Accountability can mean many things. Private schools are already held accountable to the public in a number of ways. Their buildings must abide by fire codes, for instance. In terms of the education they provide, however, they're by and large exempt from government meddling. They can design their own curricula, determine their own teaching methods, and hire their own staff. This freedom is an important part of the reason why private schools outperform public ones.
Feldman and the AFT, however, want to change this. "Parents and the public have a right to know how well students are doing in any school that receives public funding," writes Feldman. "Public schools are now required by law to test their students and to report the results of these tests to the public. ... Voucher schools do not have to meet any of these standards. They are free to be excellent, but they are also free to fail."
Feldman would have private schools accepting vouchers conform to the same "accountability" standards that the public schools increasingly face. She would also force these schools to hire "certified" teachers.
These are both very bad ideas. Private schools, even those accepting vouchers, should be able to set their own scholastic standards, including testing standards.

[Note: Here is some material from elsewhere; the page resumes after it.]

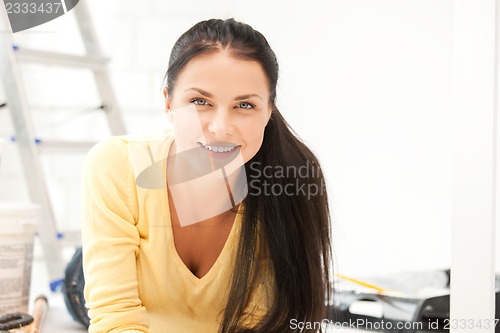 Image of lovely housewife making repairing works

Some may conform to various accountability requirements imposed on public schools, while others may not. Parents with educational vouchers can decide for themselves how much these decisions matter.
The same goes for teachers. Private schools should be allowed to hire anybody they want to teach their students. Education degrees are vastly overrated history majors without degrees in education graduate from college having taken more history courses than education majors who go on to teach history. It makes no sense to exclude these people from the teaching professions. Public schools currently do this; many private schools rightly view these people as a tremendous resource.
One of the primary goals of the school-choice movement is to privatize a portion of the public-education system and thereby improve the education kids receive. What the teacher unions will now try to do, however, is the reverse: impose regulations that have hurt public schools upon private ones currently immune to them. Vouchers financed by tax dollars will be their wedge.
School choice remains a worthy pursuit, but conservatives will have to guard against the creep of regulation otherwise they will contribute to the destruction of something they now look to for salvation.
However, in the meantime, where's the accountability for public schools?
Yep, most haven't been paying attention up until recently because it wasn't in their backyard. We'll they're starting to notice the dandelions and crabgrass spreading across their own lawns. Gonna get out the weed killer. Oops! Being vague and obscure again.
If legislators attempt to attach strings to vouchers that contravene the goals of say a Catholic parochial school, the school will turn the parent away. At THAT POINT, the parent will realize they need to put a little more thought into their vote the next go around (the remaining dominos).
All the arguments that the current crop of private schools will bend to the will of legislators is bogus given the evidence of their existence now in spite of the present government monopoly. If parents are using their own funds now to send their kids to private schools, why would that market just suddenly dry up? It belies basic economics.